UNITED PARCEL SERVICE, INC., et al., Plaintiffs,

v.

UNITED STATES POSTAL SERVICE, et al., Defendants.

Civ. A. No. 81-453.

United States District Court, D. Delaware.

Oct. 29, 1981

Page 1236

[Copyrighted Material Omitted]

Page 1237

Arthur G. Connolly, Connolly, Bove & Lodge, Wilmington, Del., for United Parcel Service, Inc., and United Parcel Service of America, Inc.; George P. Williams III, Robert L. Kendall, Jr., and John E. McKeever, Schnader, Harrison, Segal & Lewis, Philadelphia, Pa., of counsel.

Stephen E. Herrmann, Richards, Layton & Finger, Wilmington, Del., for Nat. Ass'n of Greeting Card Publishers; Matthew S. Perlman and Richard J. Webber, Arent, Fox, Kintner, Plotkin & Kahn, Washington, D. C., of counsel.

Joseph J. Farnan, Jr., U. S. Atty., and John X. Denney, Jr., Asst. U. S. Atty., Dept. of Justice, Wilmington, Del., Frances G. Beck, Daniel J. Foucheaux, Jr., and Gerald J. Robinson, Washington, D. C., for U. S. Postal Service.

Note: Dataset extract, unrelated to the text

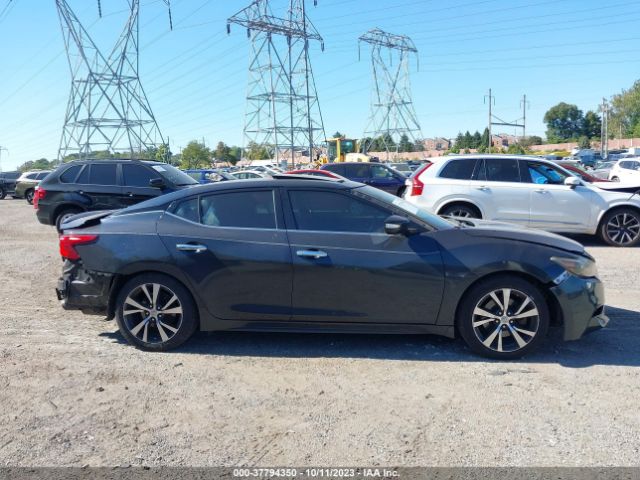 1N4AA6AP6HC399710 Nissan MAXIMA SL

Sue L. Robinson, Potter, Anderson & Corroon, Wilmington, Del., for Advertisers Distribution Services and Advertisers Postal Service Corp.; James N. Horwood, David R. Straus and John Michael Adragna, Spiegel & McDiarmid, Washington, D. C., of counsel.

OPINION

MURRAY M. SCHWARTZ, District Judge.

Plaintiffs, United Parcel Service, Inc., a New York corporation, United Parcel Service, Inc., an Ohio corporation, and United Parcel Service of America, Inc., a Delaware corporation (hereinafter collectively "UPS"), brought this action seeking a preliminary and ultimately a permanent injunction preventing the Postal Service from implementing rate changes ordered by decision of the Governors of the Postal Service ("Governors") dated September 29, 1981, and issued September 30, 1981. Presently before the Court are plaintiffs' motion for preliminary injunction and defendants' motion to dismiss. 1 These motions raise several important issues of first impression concerning the proper interpretation of both the ratemaking provisions of the Postal Reorganization Act of 1970 ("Act"), 39 U.S.C. s 101 et seq., and the limits of federal district court jurisdiction under that Act.

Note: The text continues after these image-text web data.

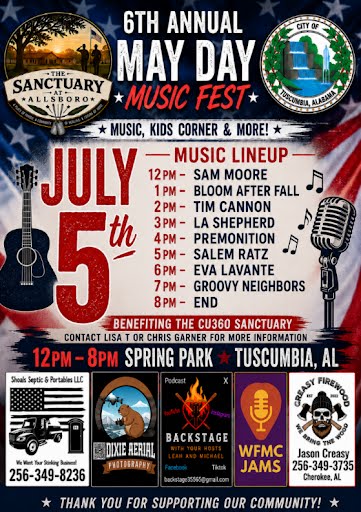 2026 May Day Music Fest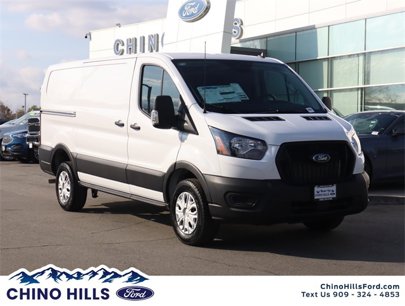 New 2024 Ford Transit 250 Low Roof
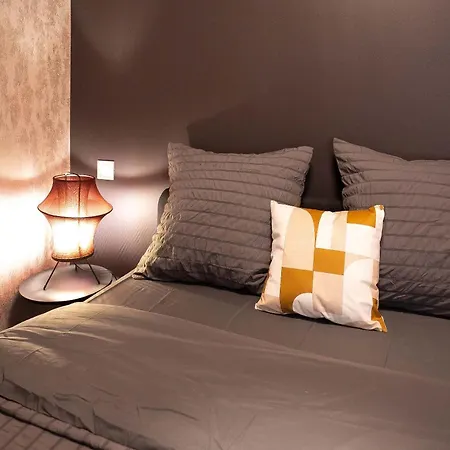 Appartement Le Jardin Secret - Zen En Centre St-quentin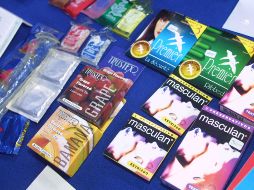 Indican que el 65.1 por ciento de las mujeres en edad reproductiva no usaron algún tipo de protección en su primera relación sexual. EL INFORMADOR/ARCHIVO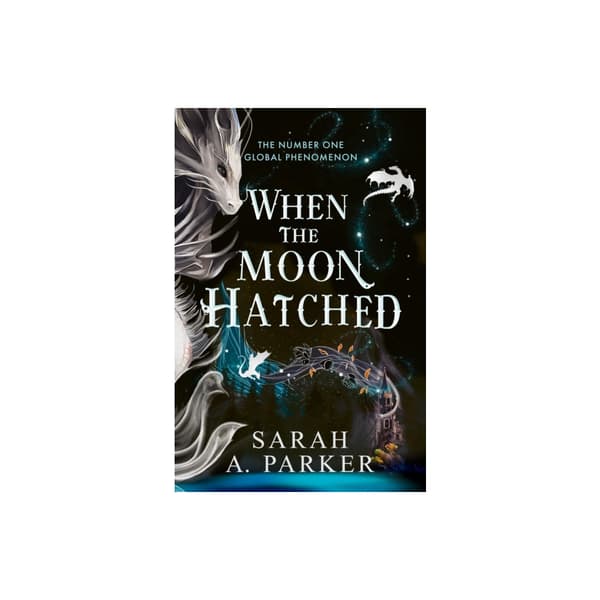 When the Moon Hatched (pocket, eng)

The Postal Reorganization Act

In general terms the Act created the Postal Service as an independent establishment of the Executive Branch of the Government. The Postal Service is directed by an eleven member Board of Governors ("Board") composed of nine Governors appointed by the President, and the Postmaster General and the Deputy Postmaster General, both of whom are appointed by the Governors. 39 U.S.C. s 202. As will be developed more fully, the Governors have some powers not given to the Board and the Board has some powers not given to the Governors. The Act also created a five member Postal Rate Commission ("Commission"). The Commission is a separate independent establishment of the Executive Branch of the Government and carries the initial obligation in ratemaking. See 39 U.S.C. ss 3601, 3622; National Ass'n of Greeting Card Publishers v. United States Postal Service, 569 F.2d 570, 603 (D.C.Cir.1976), consol'd case vacated and remanded

Page 1238

on other grounds, 434 U.S. 884, 98 S.Ct. 253, 54 L.Ed.2d 169 (1977).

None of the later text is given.